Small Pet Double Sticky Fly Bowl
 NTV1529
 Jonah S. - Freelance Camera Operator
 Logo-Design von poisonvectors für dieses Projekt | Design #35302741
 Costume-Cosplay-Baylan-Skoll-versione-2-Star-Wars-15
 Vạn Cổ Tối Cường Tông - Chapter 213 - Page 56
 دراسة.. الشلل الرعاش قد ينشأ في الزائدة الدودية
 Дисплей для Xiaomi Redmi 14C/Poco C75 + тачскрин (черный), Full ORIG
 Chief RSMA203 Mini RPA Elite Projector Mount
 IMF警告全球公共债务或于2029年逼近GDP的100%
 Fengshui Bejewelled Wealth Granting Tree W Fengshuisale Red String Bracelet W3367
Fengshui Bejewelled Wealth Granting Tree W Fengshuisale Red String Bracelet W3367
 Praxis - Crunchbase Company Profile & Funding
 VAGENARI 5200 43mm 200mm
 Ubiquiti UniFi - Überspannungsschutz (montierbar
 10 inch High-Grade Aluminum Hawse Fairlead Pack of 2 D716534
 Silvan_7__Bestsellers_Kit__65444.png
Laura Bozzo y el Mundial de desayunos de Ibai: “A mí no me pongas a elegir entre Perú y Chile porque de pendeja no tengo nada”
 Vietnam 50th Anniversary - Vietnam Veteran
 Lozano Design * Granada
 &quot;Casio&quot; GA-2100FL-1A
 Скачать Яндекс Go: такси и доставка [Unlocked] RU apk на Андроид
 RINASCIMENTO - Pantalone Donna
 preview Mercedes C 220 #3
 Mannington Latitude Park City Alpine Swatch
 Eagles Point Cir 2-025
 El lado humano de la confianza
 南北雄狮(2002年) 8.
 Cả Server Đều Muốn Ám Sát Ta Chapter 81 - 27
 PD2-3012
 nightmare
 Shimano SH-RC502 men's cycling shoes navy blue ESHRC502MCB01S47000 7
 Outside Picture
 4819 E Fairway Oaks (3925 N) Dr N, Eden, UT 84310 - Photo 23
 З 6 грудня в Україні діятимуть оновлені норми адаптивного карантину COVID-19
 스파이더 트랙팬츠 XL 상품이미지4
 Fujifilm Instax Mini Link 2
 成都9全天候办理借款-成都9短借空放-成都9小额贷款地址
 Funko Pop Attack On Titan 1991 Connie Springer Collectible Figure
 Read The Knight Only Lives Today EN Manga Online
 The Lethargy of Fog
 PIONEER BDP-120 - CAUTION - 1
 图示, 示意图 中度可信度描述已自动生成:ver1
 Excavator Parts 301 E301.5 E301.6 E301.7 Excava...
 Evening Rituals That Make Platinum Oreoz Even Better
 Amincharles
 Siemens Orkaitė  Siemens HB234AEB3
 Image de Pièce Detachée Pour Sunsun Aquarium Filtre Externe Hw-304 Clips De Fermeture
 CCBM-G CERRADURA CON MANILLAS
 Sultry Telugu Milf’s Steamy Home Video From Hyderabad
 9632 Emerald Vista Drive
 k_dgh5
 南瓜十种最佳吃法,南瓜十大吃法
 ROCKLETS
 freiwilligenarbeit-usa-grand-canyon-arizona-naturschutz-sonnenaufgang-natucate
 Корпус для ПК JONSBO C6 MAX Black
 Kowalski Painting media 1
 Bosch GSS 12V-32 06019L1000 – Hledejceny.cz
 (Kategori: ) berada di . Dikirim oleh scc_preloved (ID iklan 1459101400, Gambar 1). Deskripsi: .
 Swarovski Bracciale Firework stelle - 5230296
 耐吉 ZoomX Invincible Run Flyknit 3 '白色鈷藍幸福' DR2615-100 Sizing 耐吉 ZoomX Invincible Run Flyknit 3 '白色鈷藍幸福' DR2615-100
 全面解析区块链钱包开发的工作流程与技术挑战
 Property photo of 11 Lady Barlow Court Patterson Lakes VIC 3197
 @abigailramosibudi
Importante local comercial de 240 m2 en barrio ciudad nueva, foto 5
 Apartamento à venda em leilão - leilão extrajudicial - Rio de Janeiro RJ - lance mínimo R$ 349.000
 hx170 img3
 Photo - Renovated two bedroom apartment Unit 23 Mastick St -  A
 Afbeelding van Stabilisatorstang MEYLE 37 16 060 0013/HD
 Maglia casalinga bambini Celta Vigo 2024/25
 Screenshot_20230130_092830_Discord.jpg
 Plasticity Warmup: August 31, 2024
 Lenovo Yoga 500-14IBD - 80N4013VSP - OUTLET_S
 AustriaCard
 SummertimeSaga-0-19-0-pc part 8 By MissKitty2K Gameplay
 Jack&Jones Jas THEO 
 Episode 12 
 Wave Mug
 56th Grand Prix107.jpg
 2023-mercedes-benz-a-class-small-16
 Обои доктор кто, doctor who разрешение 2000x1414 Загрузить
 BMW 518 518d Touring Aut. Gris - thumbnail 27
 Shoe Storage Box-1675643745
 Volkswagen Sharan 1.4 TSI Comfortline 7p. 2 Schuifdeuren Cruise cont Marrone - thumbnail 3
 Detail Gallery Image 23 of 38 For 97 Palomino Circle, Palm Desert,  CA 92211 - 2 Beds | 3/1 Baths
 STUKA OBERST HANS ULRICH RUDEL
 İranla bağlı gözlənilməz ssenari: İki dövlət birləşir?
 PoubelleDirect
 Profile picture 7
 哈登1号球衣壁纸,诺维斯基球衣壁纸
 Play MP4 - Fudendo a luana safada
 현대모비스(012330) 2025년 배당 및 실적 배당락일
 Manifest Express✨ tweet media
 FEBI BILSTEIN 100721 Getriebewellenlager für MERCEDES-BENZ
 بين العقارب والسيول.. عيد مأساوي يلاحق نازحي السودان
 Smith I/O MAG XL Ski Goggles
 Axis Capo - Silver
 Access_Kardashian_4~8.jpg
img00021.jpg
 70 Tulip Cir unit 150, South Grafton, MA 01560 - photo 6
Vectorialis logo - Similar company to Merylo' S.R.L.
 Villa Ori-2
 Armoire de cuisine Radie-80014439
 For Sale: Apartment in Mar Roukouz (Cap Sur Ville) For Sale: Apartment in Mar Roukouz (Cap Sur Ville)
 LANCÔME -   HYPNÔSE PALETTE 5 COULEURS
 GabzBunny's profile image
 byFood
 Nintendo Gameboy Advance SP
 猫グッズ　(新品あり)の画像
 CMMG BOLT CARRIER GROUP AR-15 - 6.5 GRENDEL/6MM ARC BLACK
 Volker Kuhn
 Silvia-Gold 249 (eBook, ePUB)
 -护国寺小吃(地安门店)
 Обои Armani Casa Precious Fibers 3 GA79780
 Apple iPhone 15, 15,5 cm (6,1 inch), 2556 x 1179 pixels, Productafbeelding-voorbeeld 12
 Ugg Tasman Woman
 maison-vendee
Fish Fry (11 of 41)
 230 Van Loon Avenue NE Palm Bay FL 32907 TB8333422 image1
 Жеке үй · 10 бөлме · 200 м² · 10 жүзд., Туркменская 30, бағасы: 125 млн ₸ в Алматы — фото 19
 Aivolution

[Exercise aim]
The entries are to be retyped in full, with no alteration.

[Output for this exercise]
Small Pet Double Sticky Fly Bowl
 NTV1529
 Jonah S. - Freelance Camera Operator
 Logo-Design von poisonvectors für dieses Projekt | Design #35302741
 Costume-Cosplay-Baylan-Skoll-versione-2-Star-Wars-15
 Vạn Cổ Tối Cường Tông - Chapter 213 - Page 56
 دراسة.. الشلل الرعاش قد ينشأ في الزائدة الدودية
 Дисплей для Xiaomi Redmi 14C/Poco C75 + тачскрин (черный), Full ORIG
 Chief RSMA203 Mini RPA Elite Projector Mount
 IMF警告全球公共债务或于2029年逼近GDP的100%
 Fengshui Bejewelled Wealth Granting Tree W Fengshuisale Red String Bracelet W3367
Fengshui Bejewelled Wealth Granting Tree W Fengshuisale Red String Bracelet W3367
 Praxis - Crunchbase Company Profile & Funding
 VAGENARI 5200 43mm 200mm
 Ubiquiti UniFi - Überspannungsschutz (montierbar
 10 inch High-Grade Aluminum Hawse Fairlead Pack of 2 D716534
 Silvan_7__Bestsellers_Kit__65444.png
Laura Bozzo y el Mundial de desayunos de Ibai: “A mí no me pongas a elegir entre Perú y Chile porque de pendeja no tengo nada”
 Vietnam 50th Anniversary - Vietnam Veteran
 Lozano Design * Granada
 &quot;Casio&quot; GA-2100FL-1A
 Скачать Яндекс Go: такси и доставка [Unlocked] RU apk на Андроид
 RINASCIMENTO - Pantalone Donna
 preview Mercedes C 220 #3
 Mannington Latitude Park City Alpine Swatch
 Eagles Point Cir 2-025
 El lado humano de la confianza
 南北雄狮(2002年) 8.
 Cả Server Đều Muốn Ám Sát Ta Chapter 81 - 27
 PD2-3012
 nightmare
 Shimano SH-RC502 men's cycling shoes navy blue ESHRC502MCB01S47000 7
 Outside Picture
 4819 E Fairway Oaks (3925 N) Dr N, Eden, UT 84310 - Photo 23
 З 6 грудня в Україні діятимуть оновлені норми адаптивного карантину COVID-19
 스파이더 트랙팬츠 XL 상품이미지4
 Fujifilm Instax Mini Link 2
 成都9全天候办理借款-成都9短借空放-成都9小额贷款地址
 Funko Pop Attack On Titan 1991 Connie Springer Collectible Figure
 Read The Knight Only Lives Today EN Manga Online
 The Lethargy of Fog
 PIONEER BDP-120 - CAUTION - 1
 图示, 示意图 中度可信度描述已自动生成:ver1
 Excavator Parts 301 E301.5 E301.6 E301.7 Excava...
 Evening Rituals That Make Platinum Oreoz Even Better
 Amincharles
 Siemens Orkaitė  Siemens HB234AEB3
 Image de Pièce Detachée Pour Sunsun Aquarium Filtre Externe Hw-304 Clips De Fermeture
 CCBM-G CERRADURA CON MANILLAS
 Sultry Telugu Milf’s Steamy Home Video From Hyderabad
 9632 Emerald Vista Drive
 k_dgh5
 南瓜十种最佳吃法,南瓜十大吃法
 ROCKLETS
 freiwilligenarbeit-usa-grand-canyon-arizona-naturschutz-sonnenaufgang-natucate
 Корпус для ПК JONSBO C6 MAX Black
 Kowalski Painting media 1
 Bosch GSS 12V-32 06019L1000 – Hledejceny.cz
 (Kategori: ) berada di . Dikirim oleh scc_preloved (ID iklan 1459101400, Gambar 1). Deskripsi: .
 Swarovski Bracciale Firework stelle - 5230296
 耐吉 ZoomX Invincible Run Flyknit 3 '白色鈷藍幸福' DR2615-100 Sizing 耐吉 ZoomX Invincible Run Flyknit 3 '白色鈷藍幸福' DR2615-100
 全面解析区块链钱包开发的工作流程与技术挑战
 Property photo of 11 Lady Barlow Court Patterson Lakes VIC 3197
 @abigailramosibudi
Importante local comercial de 240 m2 en barrio ciudad nueva, foto 5
 Apartamento à venda em leilão - leilão extrajudicial - Rio de Janeiro RJ - lance mínimo R$ 349.000
 hx170 img3
 Photo - Renovated two bedroom apartment Unit 23 Mastick St -  A
 Afbeelding van Stabilisatorstang MEYLE 37 16 060 0013/HD
 Maglia casalinga bambini Celta Vigo 2024/25
 Screenshot_20230130_092830_Discord.jpg
 Plasticity Warmup: August 31, 2024
 Lenovo Yoga 500-14IBD - 80N4013VSP - OUTLET_S
 AustriaCard
 SummertimeSaga-0-19-0-pc part 8 By MissKitty2K Gameplay
 Jack&Jones Jas THEO 
 Episode 12 
 Wave Mug
 56th Grand Prix107.jpg
 2023-mercedes-benz-a-class-small-16
 Обои доктор кто, doctor who разрешение 2000x1414 Загрузить
 BMW 518 518d Touring Aut. Gris - thumbnail 27
 Shoe Storage Box-1675643745
 Volkswagen Sharan 1.4 TSI Comfortline 7p. 2 Schuifdeuren Cruise cont Marrone - thumbnail 3
 Detail Gallery Image 23 of 38 For 97 Palomino Circle, Palm Desert,  CA 92211 - 2 Beds | 3/1 Baths
 STUKA OBERST HANS ULRICH RUDEL
 İranla bağlı gözlənilməz ssenari: İki dövlət birləşir?
 PoubelleDirect
 Profile picture 7
 哈登1号球衣壁纸,诺维斯基球衣壁纸
 Play MP4 - Fudendo a luana safada
 현대모비스(012330) 2025년 배당 및 실적 배당락일
 Manifest Express✨ tweet media
 FEBI BILSTEIN 100721 Getriebewellenlager für MERCEDES-BENZ
 بين العقارب والسيول.. عيد مأساوي يلاحق نازحي السودان
 Smith I/O MAG XL Ski Goggles
 Axis Capo - Silver
 Access_Kardashian_4~8.jpg
img00021.jpg
 70 Tulip Cir unit 150, South Grafton, MA 01560 - photo 6
Vectorialis logo - Similar company to Merylo' S.R.L.
 Villa Ori-2
 Armoire de cuisine Radie-80014439
 For Sale: Apartment in Mar Roukouz (Cap Sur Ville) For Sale: Apartment in Mar Roukouz (Cap Sur Ville)
 LANCÔME -   HYPNÔSE PALETTE 5 COULEURS
 GabzBunny's profile image
 byFood
 Nintendo Gameboy Advance SP
 猫グッズ　(新品あり)の画像
 CMMG BOLT CARRIER GROUP AR-15 - 6.5 GRENDEL/6MM ARC BLACK
 Volker Kuhn
 Silvia-Gold 249 (eBook, ePUB)
 -护国寺小吃(地安门店)
 Обои Armani Casa Precious Fibers 3 GA79780
 Apple iPhone 15, 15,5 cm (6,1 inch), 2556 x 1179 pixels, Productafbeelding-voorbeeld 12
 Ugg Tasman Woman
 maison-vendee
Fish Fry (11 of 41)
 230 Van Loon Avenue NE Palm Bay FL 32907 TB8333422 image1
 Жеке үй · 10 бөлме · 200 м² · 10 жүзд., Туркменская 30, бағасы: 125 млн ₸ в Алматы — фото 19
 Aivolution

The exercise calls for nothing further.